▶ Directions
Whenever a line below mentions the word "Umerkot", that line should be copied.

▶ Data
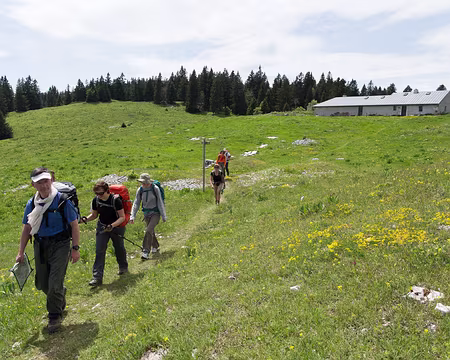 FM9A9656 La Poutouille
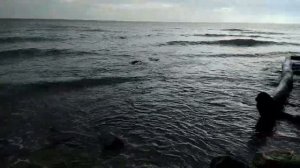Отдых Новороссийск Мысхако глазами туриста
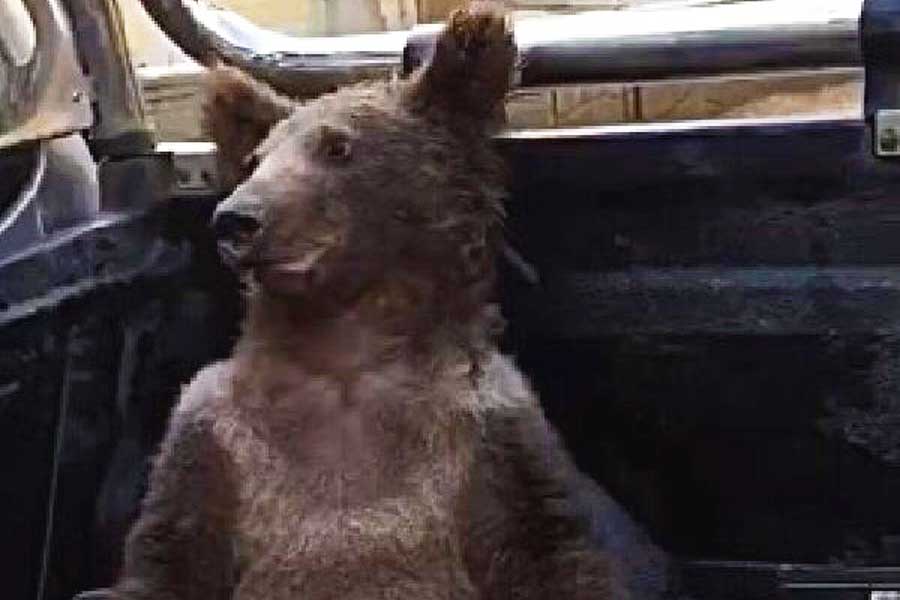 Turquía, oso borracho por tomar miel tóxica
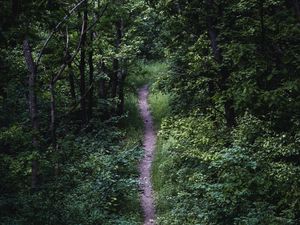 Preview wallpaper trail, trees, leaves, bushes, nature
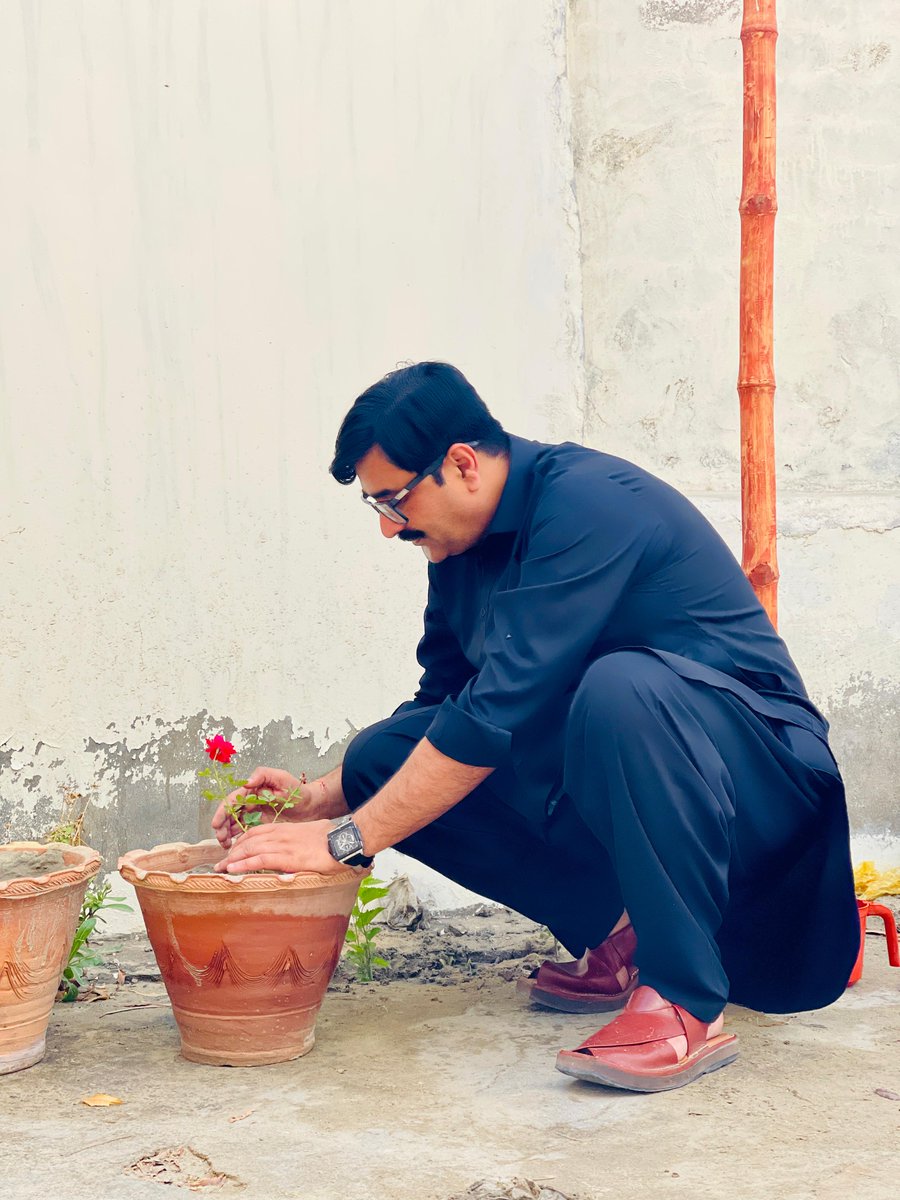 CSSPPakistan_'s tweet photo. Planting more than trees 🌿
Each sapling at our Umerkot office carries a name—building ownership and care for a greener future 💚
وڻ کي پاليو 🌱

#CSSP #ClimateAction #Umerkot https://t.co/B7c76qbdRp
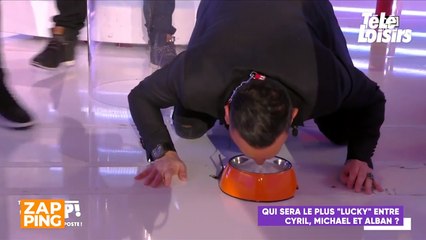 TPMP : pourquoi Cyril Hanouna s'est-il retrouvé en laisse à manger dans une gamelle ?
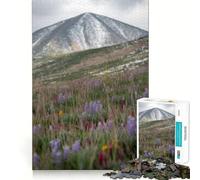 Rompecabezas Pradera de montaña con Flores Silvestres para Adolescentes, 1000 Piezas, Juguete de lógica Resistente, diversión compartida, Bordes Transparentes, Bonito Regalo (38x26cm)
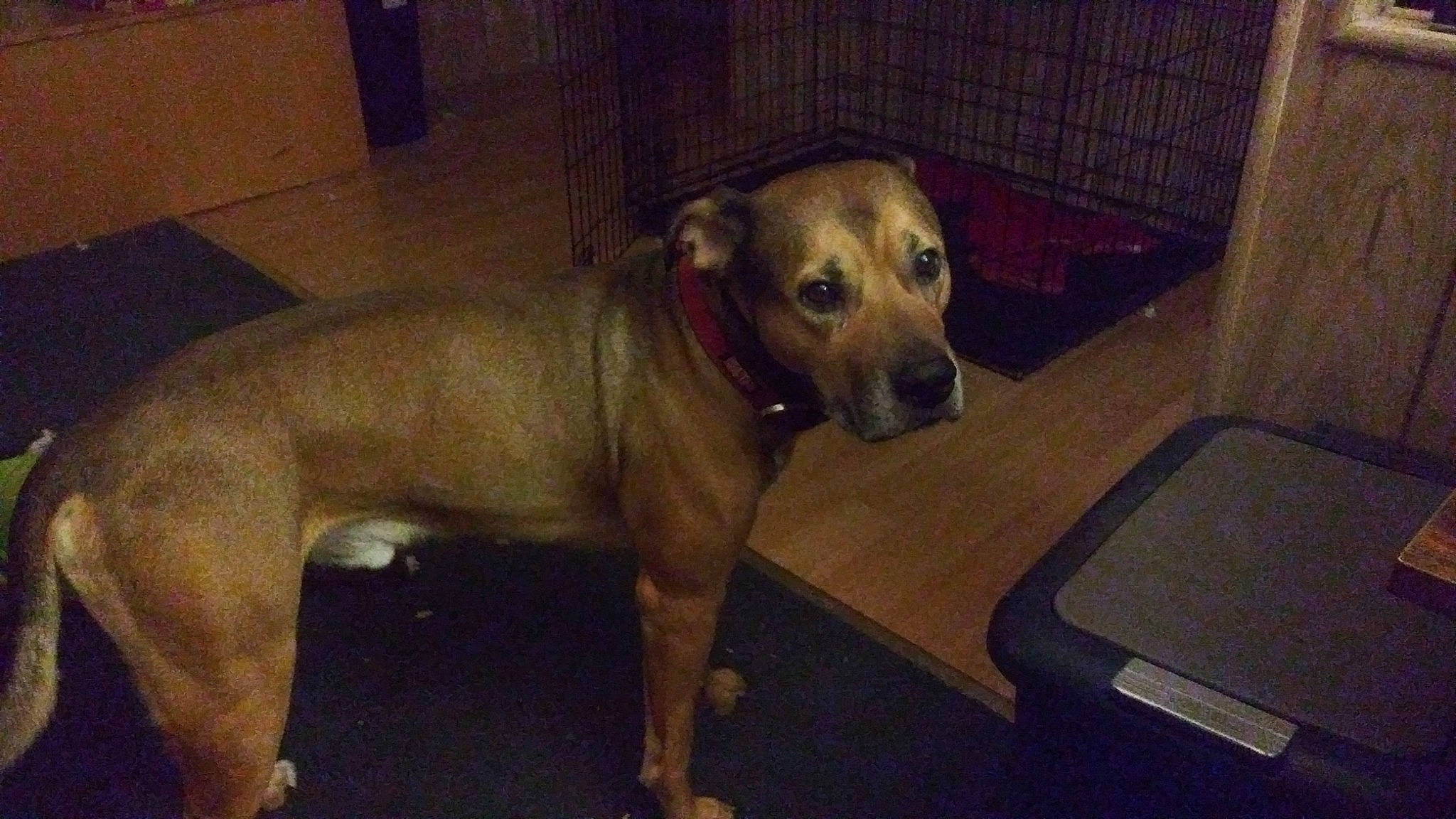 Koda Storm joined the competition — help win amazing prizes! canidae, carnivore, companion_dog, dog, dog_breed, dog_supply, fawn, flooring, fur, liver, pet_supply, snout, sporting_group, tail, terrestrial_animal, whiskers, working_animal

...

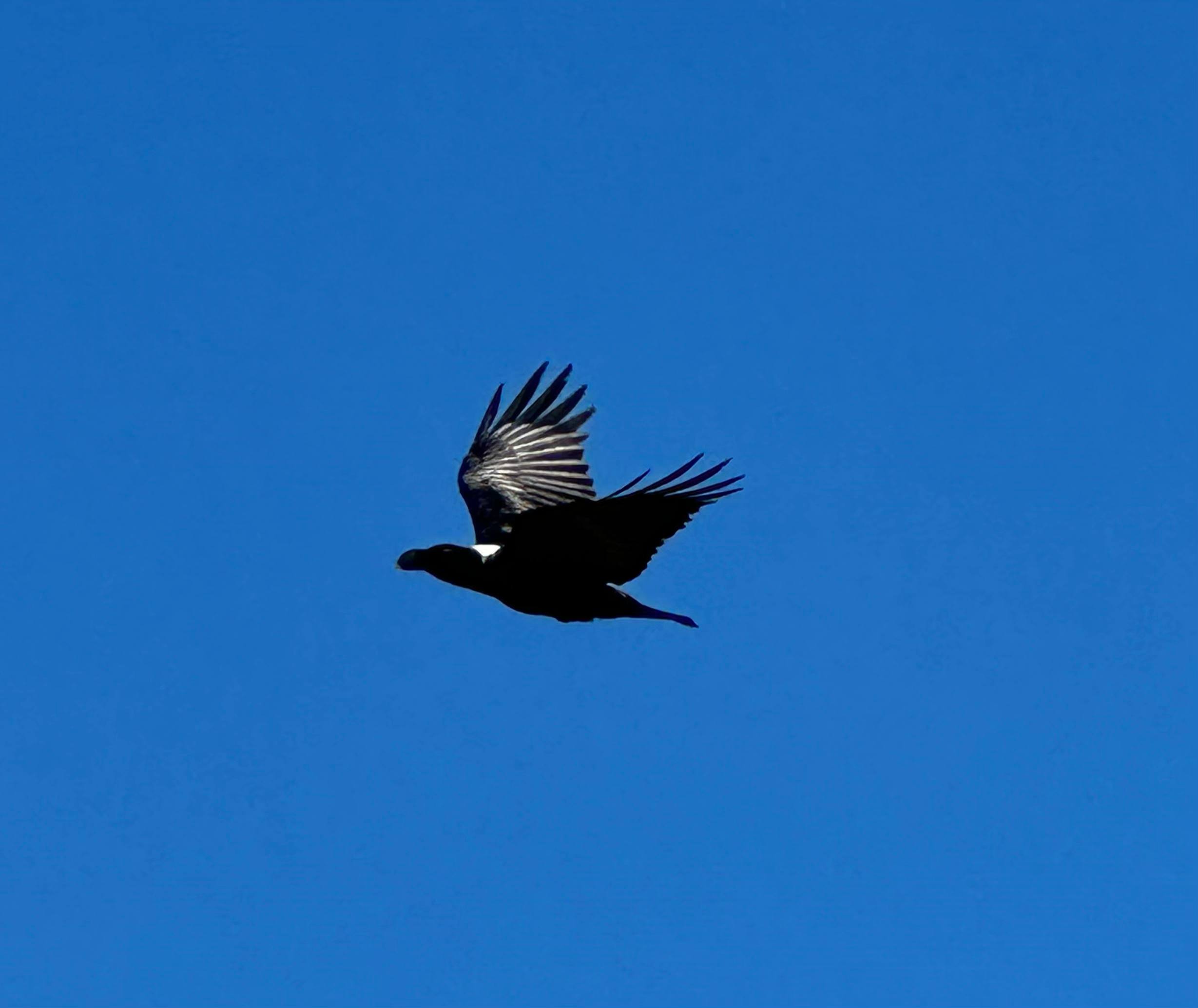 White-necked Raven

▶ Exercise answer
Each sapling at our Umerkot office carries a name—building ownership and care for a greener future 💚
#CSSP #ClimateAction #Umerkot https://t.co/B7c76qbdRp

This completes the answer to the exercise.